Anyways the Partagas Short gets my vote they smoke great anytime of day.
A staple in any cigar collection IMHO!:nod:
_


----------



## karmaz00 (Dec 5, 2007)

everyone is different......but for me current production 09-11....RASCC is better....long term, ther both good....for me, the RASCC is better...just fit my profile a bit better


----------



## bpegler (Mar 30, 2006)

asmartbull said:


> ROTT, the RASCC gets the slight edge....
> 
> Not to complicate things, But I would look at the
> San Cristobal El Principe.......
> A little more pricey would be the Trin Reyes


+1 on the Trinidad. Worth every extra penny.

Between the Partagas and Ramon Allones, I would probably pick the Party Short because it has real aging potential if you don't smoke them all right away.

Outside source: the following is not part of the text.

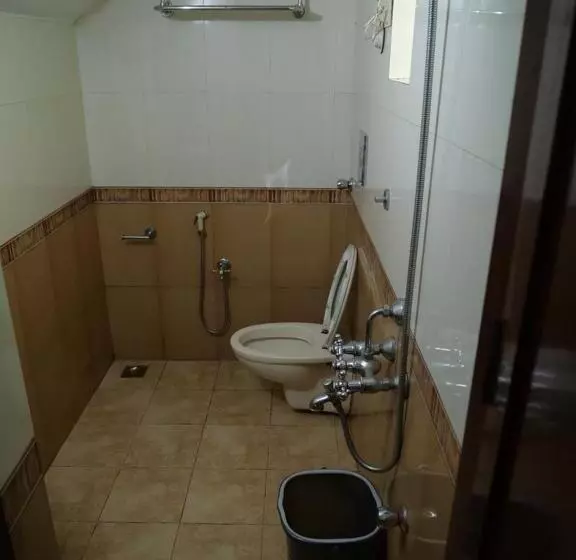 Hosteller S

Really all the cigars mentioned are excellent.


----------



## CeeGar (Feb 19, 2007)

Party short. Not even a contest, IMO. :smoke:


----------



## Jaxon67 (Dec 1, 2008)

Talk about splitting it right down the middle!  Thanks for you advice gentlemen. I went ahead and snuck a little extra cash out of savings and ordered both boxes. Your responses led me to do this, so it's all your fault.

Thanks again.


----------



## Zfog (Oct 16, 2010)

Jaxon67 said:


> Talk about splitting it right down the middle! Thanks for you advice gentlemen. I went ahead and snuck a little extra cash out of savings and ordered both boxes. Your responses led me to do this, so it's all your fault.
> 
> Thanks again.


haha great choice! :nod:


----------



## asmartbull (Aug 16, 2009)

Jaxon67 said:


> Talk about splitting it right down the middle! Thanks for you advice gentlemen. I went ahead and snuck a little extra cash out of savings and ordered both boxes. Your responses led me to do this, so it's all your fault.
> 
> Thanks again.


Better get used to sneeking around........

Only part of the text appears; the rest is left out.